Provided information:
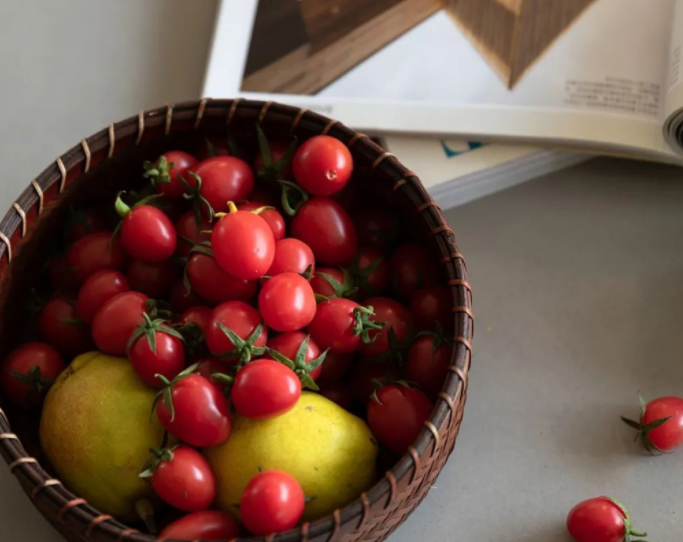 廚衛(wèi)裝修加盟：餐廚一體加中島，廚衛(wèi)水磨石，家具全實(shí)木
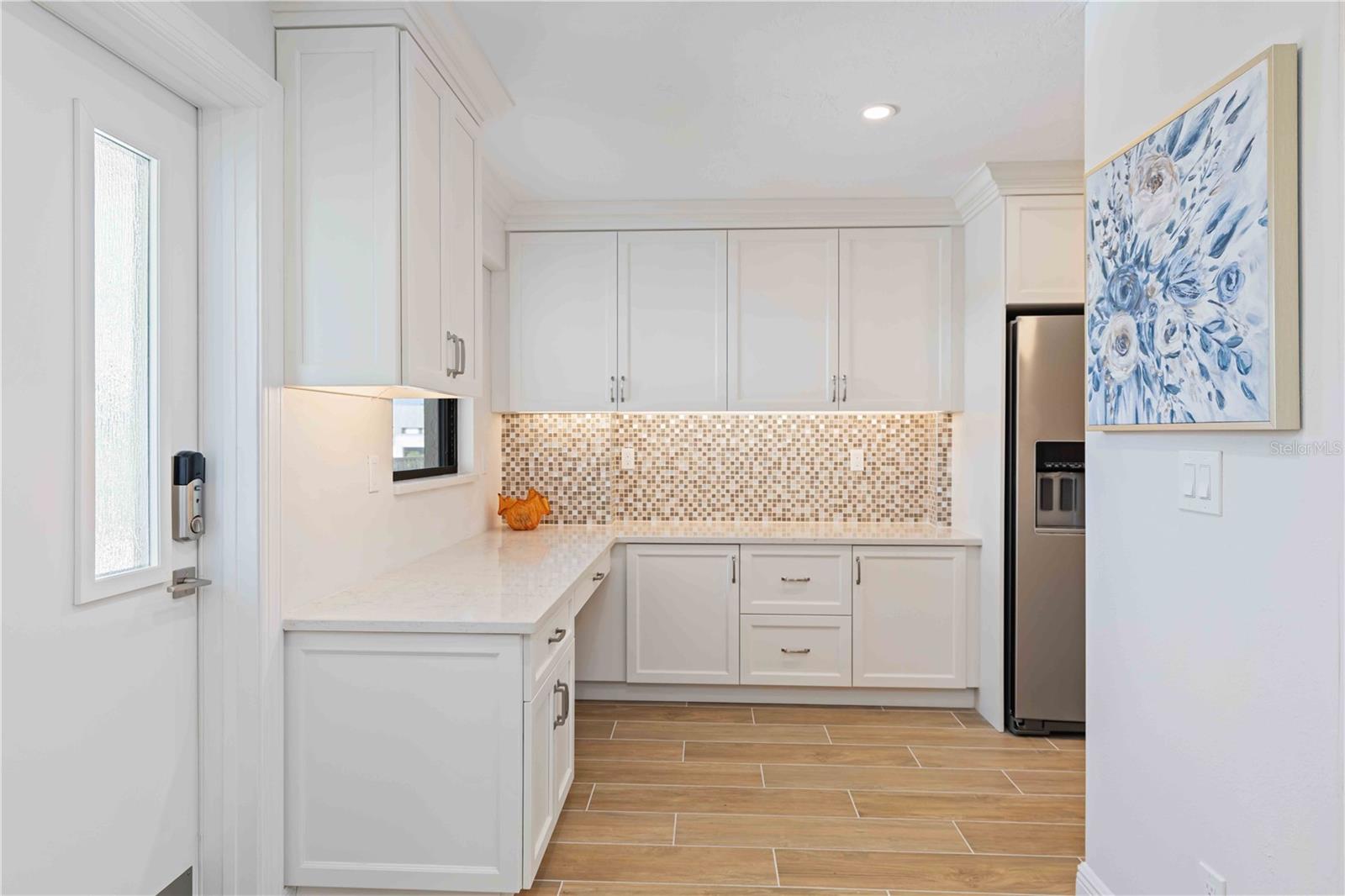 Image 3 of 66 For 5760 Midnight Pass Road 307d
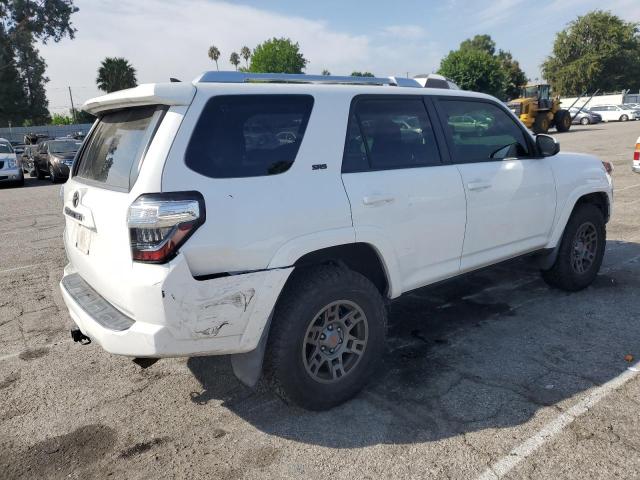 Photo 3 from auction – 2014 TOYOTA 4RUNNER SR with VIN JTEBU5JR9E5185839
...
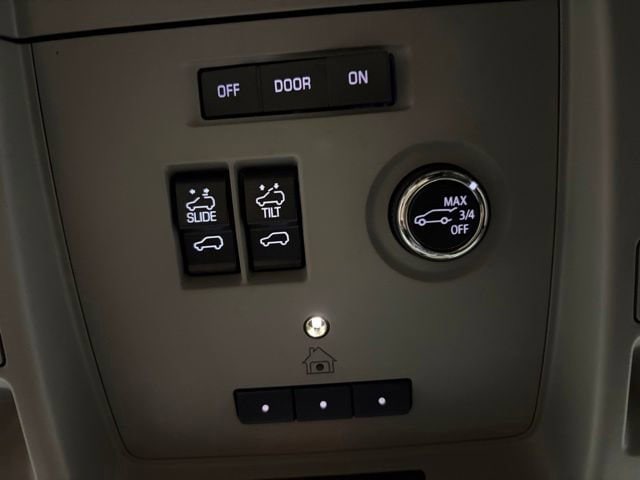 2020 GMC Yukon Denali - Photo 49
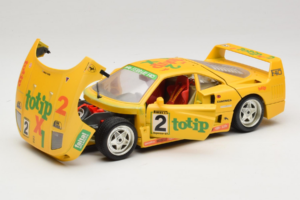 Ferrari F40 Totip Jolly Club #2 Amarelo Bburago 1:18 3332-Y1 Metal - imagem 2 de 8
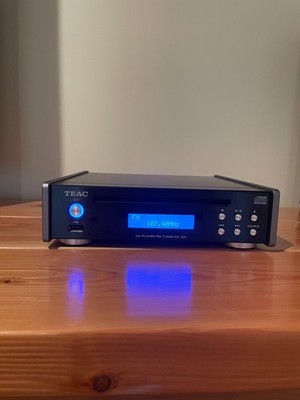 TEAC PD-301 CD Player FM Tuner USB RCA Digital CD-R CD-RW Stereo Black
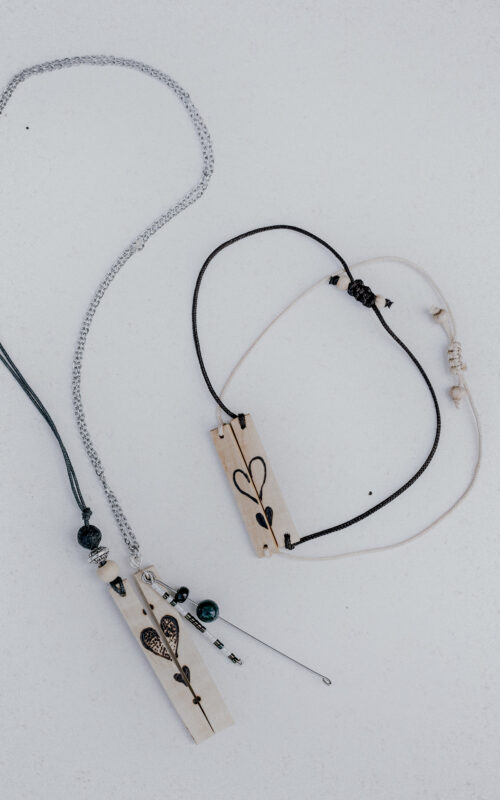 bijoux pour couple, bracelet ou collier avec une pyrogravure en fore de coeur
---
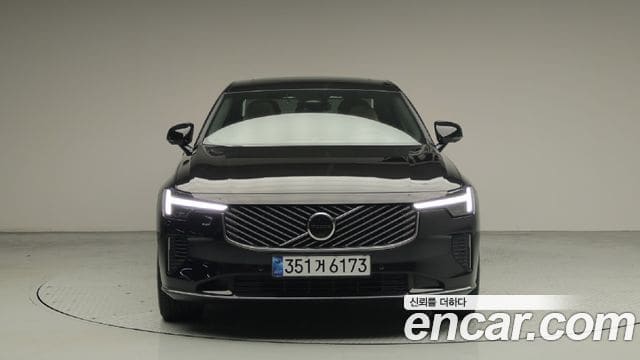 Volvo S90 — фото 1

What the task asks: Whatever pictures the records hold, omit them; give again exactly the lines from the one containing "Image 3 of 66" through the one containing "Photo 3 from".

Result for this task:
 Image 3 of 66 For 5760 Midnight Pass Road 307d
 Photo 3 from auction – 2014 TOYOTA 4RUNNER SR with VIN JTEBU5JR9E5185839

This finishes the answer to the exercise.